Now, I am going to eliminate any program that did not score more than 80 points per game in 2020.
PPG80<-Wins2020[Wins2020$PPG>80,]
View(PPG80)
This brings our list to just 7 teams. I listed them out below: Duke (25-6), ACC, 82.5 ppg and 68.0 papg, Eastern Washington (23-8), Big Sky, 80.9 ppg and 72.9 papg, Gonzaga (31-2), West Coast, 87.4 ppg and 67.8 papg, LSU (21-10), SEC, 80.5 ppg and 73.3 papg, Stephen F. Austin (28-3), Southland, 80.6 ppg and 76.0 papg, Winthrop (24-10), Big South, 81.3 ppg and 71.5 papg, Wright State (25-7), Horizon, 80.6 ppg and 70.8 papg,
From this list, I selected 2 teams that I think had the highest likelihood of winning the championship in 2020: Duke and Gonzaga. I elminitated Eastern Washington, Stephen F. Austin, Winthrop, and Wright State for being from small conferences and I eliminated LSU because they have 10 losses and a high PAPG.
To make my final decision between the two teams, I am going to look at the difference between PPG and PAPG in the championship winners.

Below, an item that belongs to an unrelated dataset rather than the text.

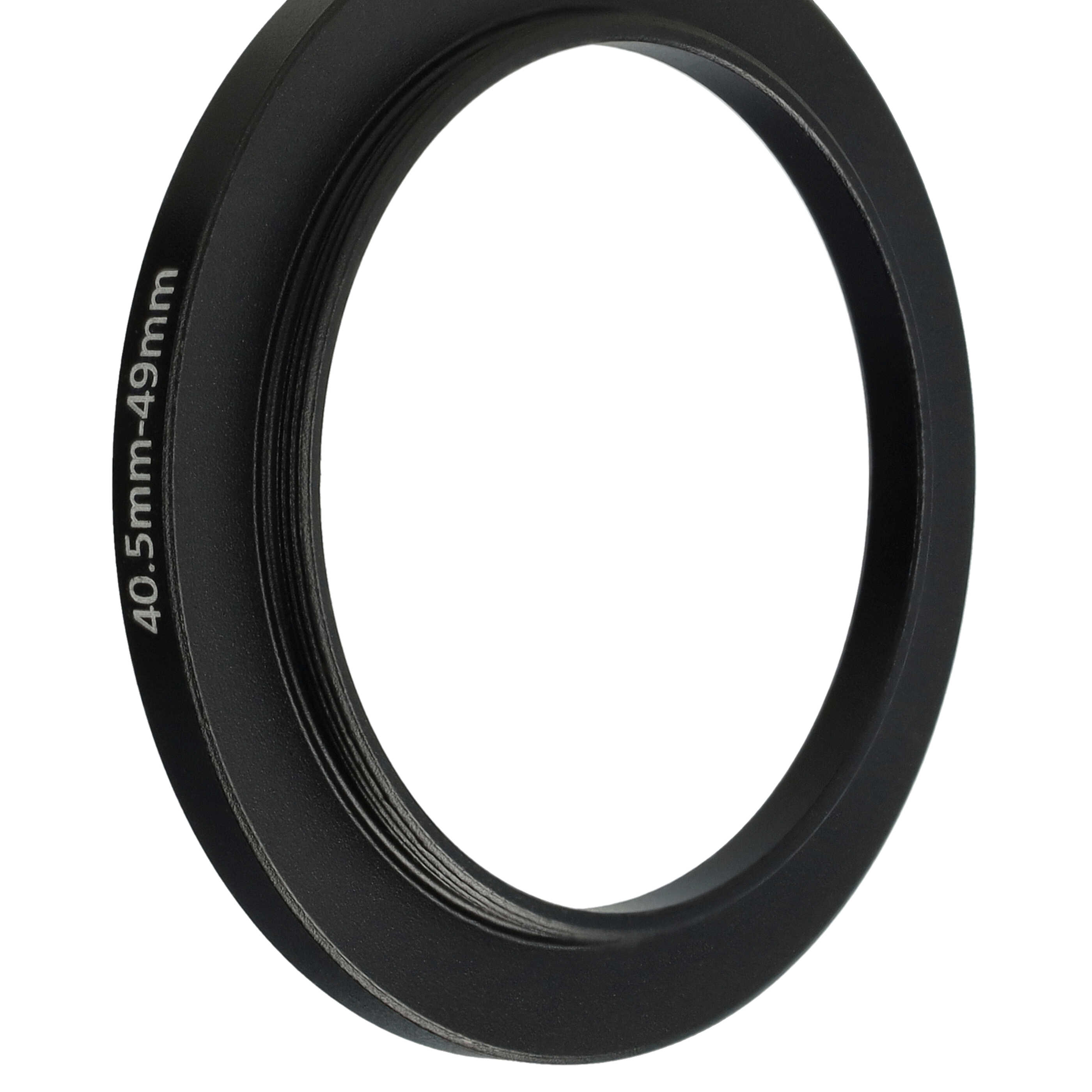 Ein schwarzer Metallring mit der Aufschrift 40,5 mm-49 mm, vor weißem Hintergrund. Der Ring ist kreisförmig.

ChampPPG<-NCAAChamps$points_per_game
ChampPAPG<-NCAAChamps$points_allowed_per_game
difference<-ChampPPG-ChampPAPG
NCAAChamps$diff<-difference
mean(NCAAChamps$diff)
## [1] 14.575
max(NCAAChamps$diff)
## [1] 22
The average NCAA Champion scores 14 more points on average than they allow. Both Duke and Gonzaga fall into this category, with Duke’s difference being about 14 and Gonzaga’s being about 20. Because of the bigger gap in Gonzaga’s PPG and PAPG, I think Gonzaga would have won the 2020 NCAA Championship.